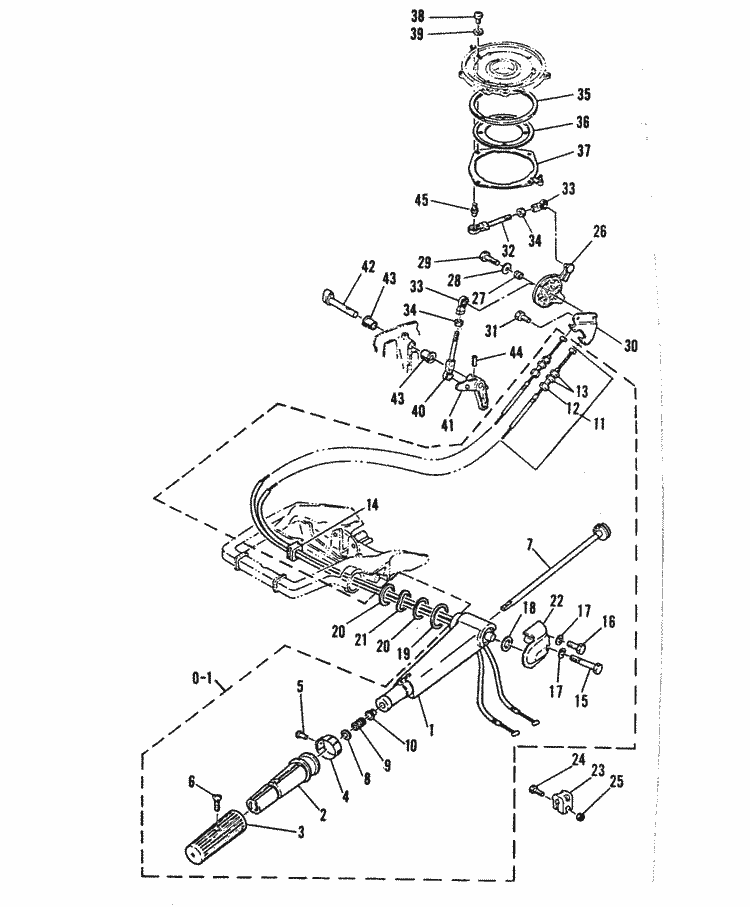 Mariner 30A Steering Handle & Throttle Control Parts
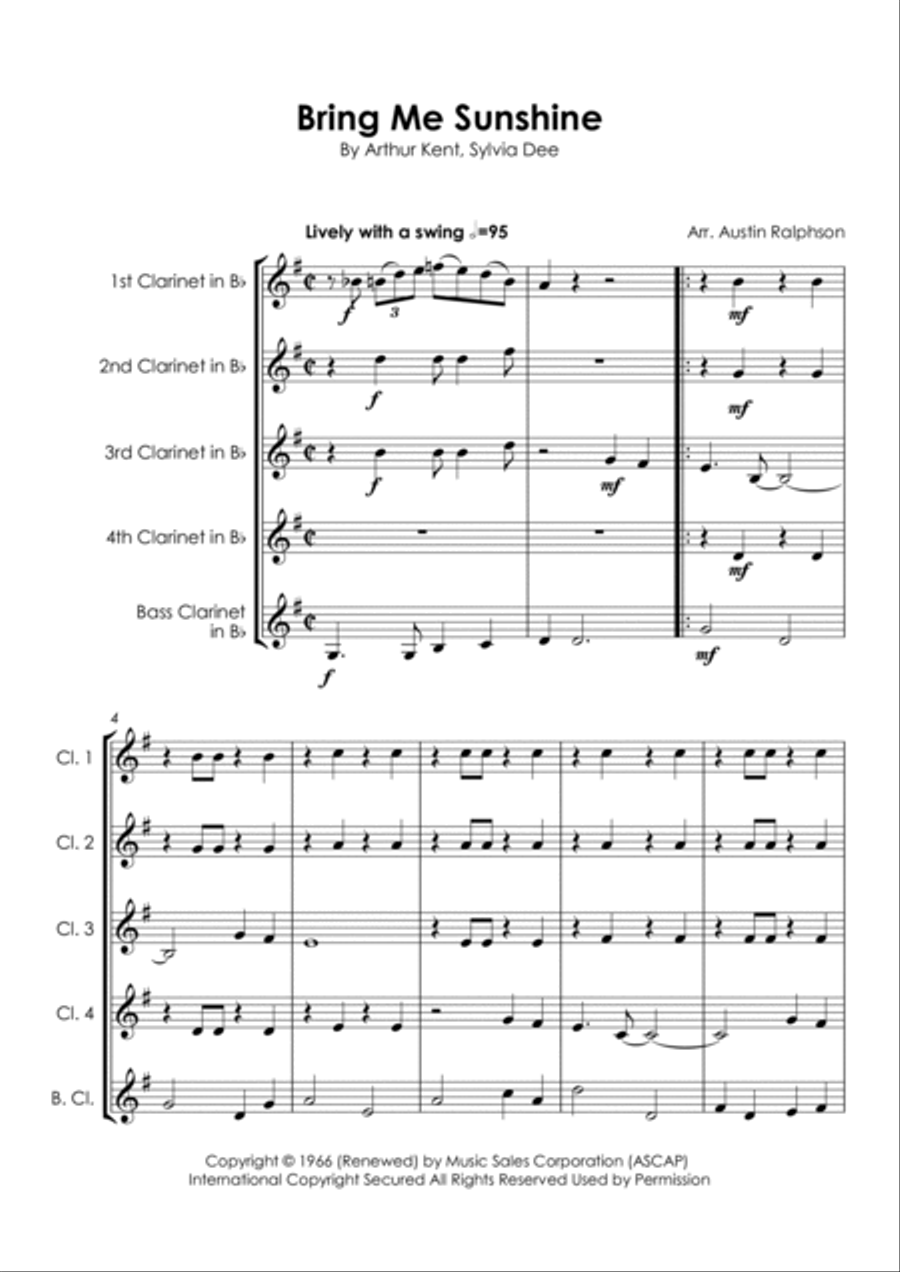 Bring Me Sunshine Clarinet Quintet scores gallery preview page 5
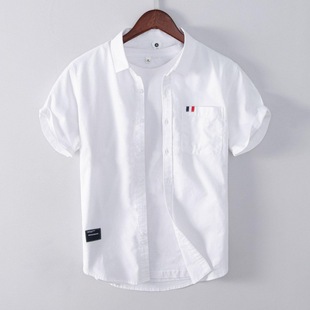 1611 summer casual short sleeve cotton shirt men's Joker solid color shirt men's coat a generation of hair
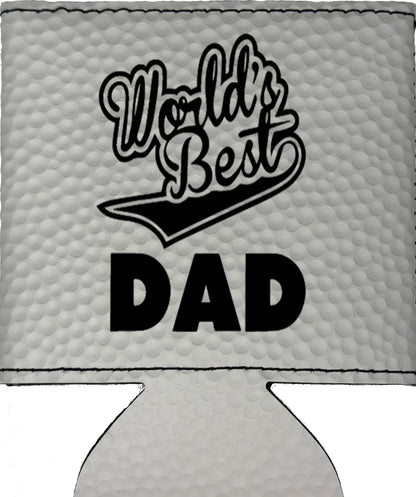World's Best Dad Magnetic Leather Koozie-Golf Ball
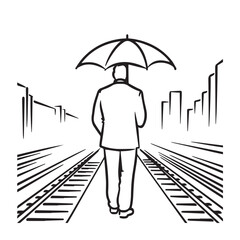 Man Standing with Umbrella Silhouette - Artistic Minimal Art - man umbrella silhouette - man umbrella vector - man umbrella doodle - umbrella illustration - man umbrella line art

——

▶ YOUR INSTRUCTIONS
Transcribe each entry exactly; images stay out.

▶ RESULT OF THIS EXERCISE
 Mariner 30A Steering Handle & Throttle Control Parts
 Bring Me Sunshine Clarinet Quintet scores gallery preview page 5
 1611 summer casual short sleeve cotton shirt men's Joker solid color shirt men's coat a generation of hair
World's Best Dad Magnetic Leather Koozie-Golf Ball
 Man Standing with Umbrella Silhouette - Artistic Minimal Art - man umbrella silhouette - man umbrella vector - man umbrella doodle - umbrella illustration - man umbrella line art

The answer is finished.